Like it said before,,,,,What are you trying to get at here? That the plant uptakes and creates nitrite based nutrients (including how ammonia [both uptaken and made by the plant forms] are incorporated for use), that it then transports around the plant for use.......yeah so? Whats your point? It makes NO difference what you think you understand here. The point we're making is, YOU can not "FLUSH" that from the plant (nore all the other ones you left out)! All you did was cut and paste an out of context section of some paper you found on the net in a feeble attempt to say you understand how plants uptake nutrition.

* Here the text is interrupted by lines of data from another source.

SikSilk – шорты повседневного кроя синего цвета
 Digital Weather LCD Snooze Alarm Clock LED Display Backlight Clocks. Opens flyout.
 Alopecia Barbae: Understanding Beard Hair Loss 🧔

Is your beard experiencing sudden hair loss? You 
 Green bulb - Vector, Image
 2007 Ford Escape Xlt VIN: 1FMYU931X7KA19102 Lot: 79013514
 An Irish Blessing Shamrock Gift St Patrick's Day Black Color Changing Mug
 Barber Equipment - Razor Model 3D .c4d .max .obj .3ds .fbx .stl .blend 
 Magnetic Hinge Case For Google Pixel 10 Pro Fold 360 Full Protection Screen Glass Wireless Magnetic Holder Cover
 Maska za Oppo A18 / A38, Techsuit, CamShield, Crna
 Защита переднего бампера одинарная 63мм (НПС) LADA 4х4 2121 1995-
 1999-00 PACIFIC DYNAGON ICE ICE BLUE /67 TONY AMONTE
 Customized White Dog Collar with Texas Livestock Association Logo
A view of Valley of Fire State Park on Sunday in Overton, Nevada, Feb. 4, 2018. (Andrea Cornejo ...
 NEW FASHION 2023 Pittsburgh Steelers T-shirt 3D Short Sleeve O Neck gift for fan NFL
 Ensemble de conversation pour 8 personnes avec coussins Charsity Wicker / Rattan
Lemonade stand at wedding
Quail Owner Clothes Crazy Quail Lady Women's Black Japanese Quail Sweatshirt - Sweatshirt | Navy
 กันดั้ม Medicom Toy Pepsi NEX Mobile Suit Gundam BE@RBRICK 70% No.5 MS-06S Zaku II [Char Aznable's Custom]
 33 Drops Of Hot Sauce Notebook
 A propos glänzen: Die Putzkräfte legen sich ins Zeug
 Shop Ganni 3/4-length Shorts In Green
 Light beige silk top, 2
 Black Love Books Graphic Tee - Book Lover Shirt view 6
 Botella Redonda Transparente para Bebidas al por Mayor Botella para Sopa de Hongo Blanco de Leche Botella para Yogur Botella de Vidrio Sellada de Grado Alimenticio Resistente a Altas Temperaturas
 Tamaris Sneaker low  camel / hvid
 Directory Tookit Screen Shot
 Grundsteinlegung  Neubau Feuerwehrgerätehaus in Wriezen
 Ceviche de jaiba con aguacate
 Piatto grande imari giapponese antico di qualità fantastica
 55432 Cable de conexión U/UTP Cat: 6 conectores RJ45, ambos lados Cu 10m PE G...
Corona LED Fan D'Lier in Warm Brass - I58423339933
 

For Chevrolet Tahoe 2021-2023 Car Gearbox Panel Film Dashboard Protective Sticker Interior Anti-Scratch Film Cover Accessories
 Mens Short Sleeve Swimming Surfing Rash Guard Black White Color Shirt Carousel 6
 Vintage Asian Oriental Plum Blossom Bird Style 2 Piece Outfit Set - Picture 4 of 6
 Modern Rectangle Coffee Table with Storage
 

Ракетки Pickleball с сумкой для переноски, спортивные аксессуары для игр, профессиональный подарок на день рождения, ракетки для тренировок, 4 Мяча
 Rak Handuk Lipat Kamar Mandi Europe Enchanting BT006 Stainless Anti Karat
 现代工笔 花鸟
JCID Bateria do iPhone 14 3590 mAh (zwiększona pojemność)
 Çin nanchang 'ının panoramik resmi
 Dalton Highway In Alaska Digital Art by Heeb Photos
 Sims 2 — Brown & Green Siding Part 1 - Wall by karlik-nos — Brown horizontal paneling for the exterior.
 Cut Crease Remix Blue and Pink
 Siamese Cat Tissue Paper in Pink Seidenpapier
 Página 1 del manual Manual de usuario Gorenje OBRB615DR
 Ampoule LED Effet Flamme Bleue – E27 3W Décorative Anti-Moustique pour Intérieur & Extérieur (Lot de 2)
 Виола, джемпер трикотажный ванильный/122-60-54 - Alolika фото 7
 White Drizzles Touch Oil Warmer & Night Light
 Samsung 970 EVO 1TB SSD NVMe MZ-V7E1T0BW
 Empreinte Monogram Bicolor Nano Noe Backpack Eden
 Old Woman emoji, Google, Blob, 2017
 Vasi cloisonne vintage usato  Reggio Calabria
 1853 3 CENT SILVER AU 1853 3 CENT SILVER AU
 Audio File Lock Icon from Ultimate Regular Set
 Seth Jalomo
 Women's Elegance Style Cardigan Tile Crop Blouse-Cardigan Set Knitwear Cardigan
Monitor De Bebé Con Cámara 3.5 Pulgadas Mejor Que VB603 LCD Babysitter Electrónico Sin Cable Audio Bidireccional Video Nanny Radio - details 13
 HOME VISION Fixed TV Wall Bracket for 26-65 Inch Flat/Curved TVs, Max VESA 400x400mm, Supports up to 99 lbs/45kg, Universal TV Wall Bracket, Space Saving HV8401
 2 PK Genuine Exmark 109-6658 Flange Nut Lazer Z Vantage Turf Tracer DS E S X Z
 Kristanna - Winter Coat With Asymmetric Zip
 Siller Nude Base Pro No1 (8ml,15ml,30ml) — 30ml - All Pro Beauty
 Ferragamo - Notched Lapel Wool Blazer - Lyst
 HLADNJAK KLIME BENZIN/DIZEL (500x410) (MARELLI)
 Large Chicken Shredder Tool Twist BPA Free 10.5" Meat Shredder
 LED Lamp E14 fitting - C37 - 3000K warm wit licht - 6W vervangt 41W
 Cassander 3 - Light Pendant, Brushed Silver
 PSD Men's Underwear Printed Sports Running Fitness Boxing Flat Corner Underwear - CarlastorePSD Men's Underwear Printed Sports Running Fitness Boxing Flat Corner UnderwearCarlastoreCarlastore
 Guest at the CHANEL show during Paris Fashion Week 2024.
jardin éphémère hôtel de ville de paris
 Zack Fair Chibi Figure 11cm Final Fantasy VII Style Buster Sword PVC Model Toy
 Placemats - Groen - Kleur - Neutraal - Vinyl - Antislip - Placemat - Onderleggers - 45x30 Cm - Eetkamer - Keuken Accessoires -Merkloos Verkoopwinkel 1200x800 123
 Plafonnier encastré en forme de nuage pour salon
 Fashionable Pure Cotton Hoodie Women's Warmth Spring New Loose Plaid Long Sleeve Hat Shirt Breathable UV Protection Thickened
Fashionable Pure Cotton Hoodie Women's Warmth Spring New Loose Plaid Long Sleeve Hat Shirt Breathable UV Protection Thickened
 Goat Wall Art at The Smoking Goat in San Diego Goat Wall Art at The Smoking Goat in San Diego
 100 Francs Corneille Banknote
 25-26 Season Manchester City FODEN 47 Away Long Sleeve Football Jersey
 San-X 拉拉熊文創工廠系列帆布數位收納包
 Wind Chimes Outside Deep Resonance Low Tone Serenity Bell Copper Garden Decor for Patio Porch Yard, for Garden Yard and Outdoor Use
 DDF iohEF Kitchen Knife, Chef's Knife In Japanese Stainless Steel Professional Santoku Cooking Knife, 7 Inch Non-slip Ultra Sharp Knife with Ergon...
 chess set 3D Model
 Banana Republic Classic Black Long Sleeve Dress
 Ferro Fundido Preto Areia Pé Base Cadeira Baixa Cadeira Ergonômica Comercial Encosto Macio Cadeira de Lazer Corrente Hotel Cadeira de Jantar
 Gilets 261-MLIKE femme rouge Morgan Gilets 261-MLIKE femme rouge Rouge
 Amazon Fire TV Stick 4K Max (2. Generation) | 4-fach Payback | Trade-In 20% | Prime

BTW, you left out lots of other nutrients - care to cut and paste the rest of the paper? Or was it only on Nitrate use by plants?





 

Dr. Who

Well-Known Member
If you had been paying attention you would have noticed that when a plant no longer needs a leaf it reabsorbs everything in it to use somewhere else then the leaf turns yellow and falls off. When a plant is deprived/flushed or what ever the fuck you want to call it the plant does that everywhere except the flowers because it is trying to make seeds.

The fertilizer is converted to a form the plant can use in the soil then and is taken up by the roots into the plant where it is used to build the plant if you smoke that plant while those nutrients are in the plant you are smoking the fertilizer you fed it only in a different form like nitrites.
NOT in the way YOU understand! (Your not understanding that "form", among other things)..
 

RM3

Well-Known Member
Like it said before,,,,,What are you trying to get at here? That the plant uptakes and creates nitrite based nutrients (including how ammonia [both uptaken and made by the plant forms] are incorporated for use), that it then transports around the plant for use.......yeah so? Whats your point? It makes NO difference what you think you understand here. The point we're making is, YOU can not "FLUSH" that from the plant (nore all the other ones you left out)! All you did was cut and paste an out of context section of some paper you found on the net in a feeble attempt to say you understand how plants uptake nutrition.

BTW, you left out lots of other nutrients - care to cut and paste the rest of the paper? Or was it only on Nitrate use by plants?